Provided material:
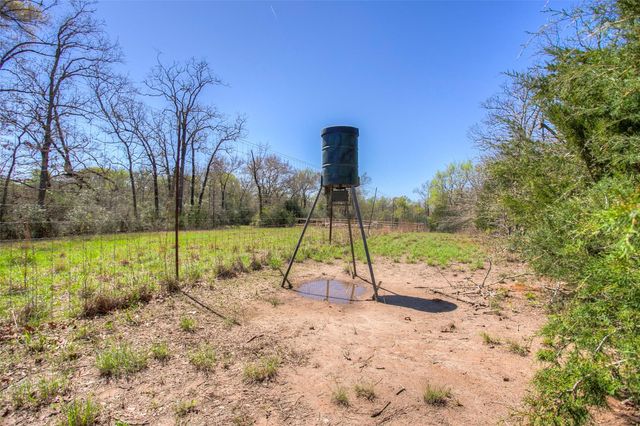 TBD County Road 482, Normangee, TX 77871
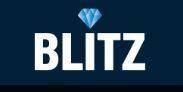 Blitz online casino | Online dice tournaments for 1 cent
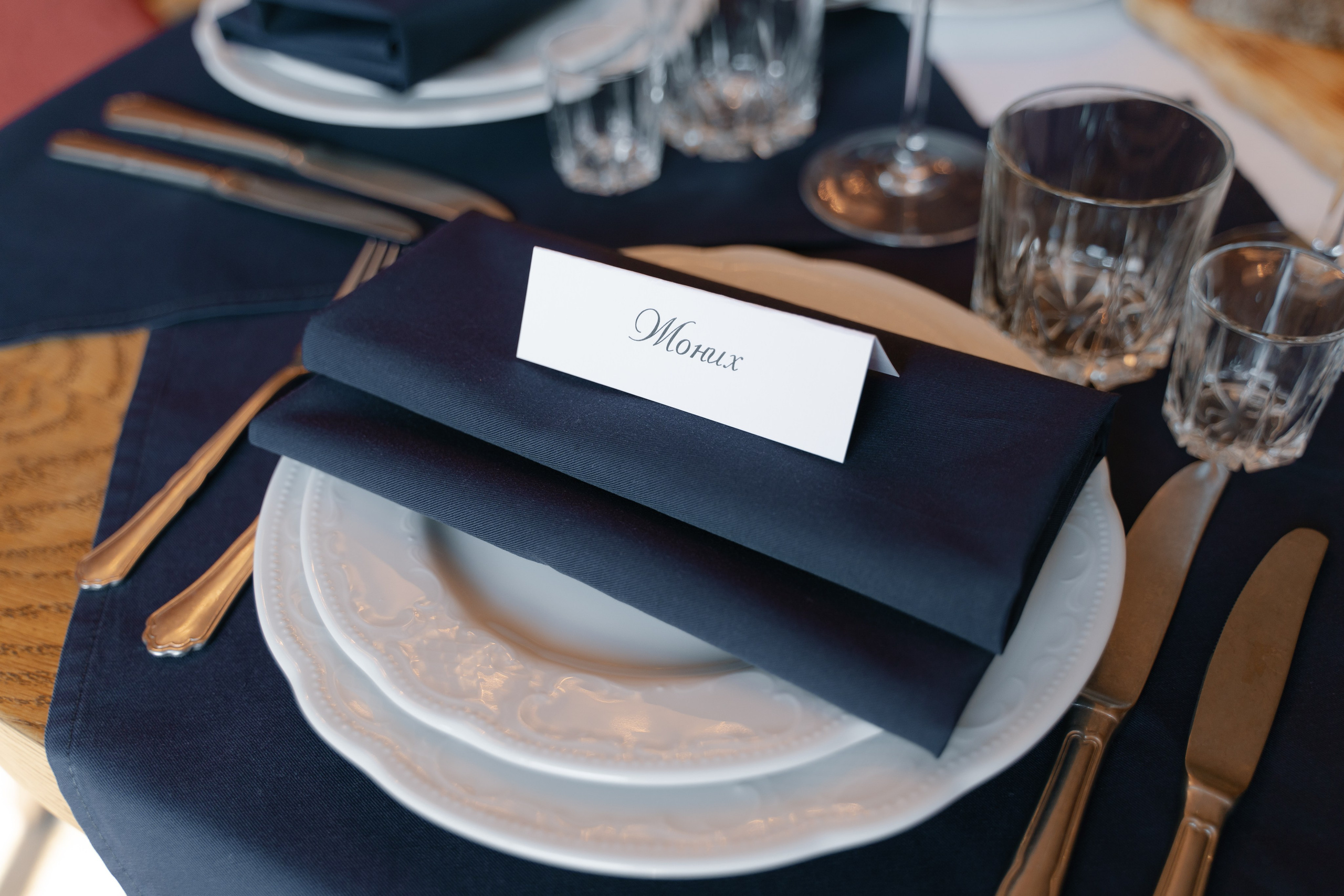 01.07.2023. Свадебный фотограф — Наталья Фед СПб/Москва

Your instructions:
Your answer should be every line above, written out exactly, with no pictures.

Solution to the exercise:
 TBD County Road 482, Normangee, TX 77871
 Blitz online casino | Online dice tournaments for 1 cent
 01.07.2023. Свадебный фотограф — Наталья Фед СПб/Москва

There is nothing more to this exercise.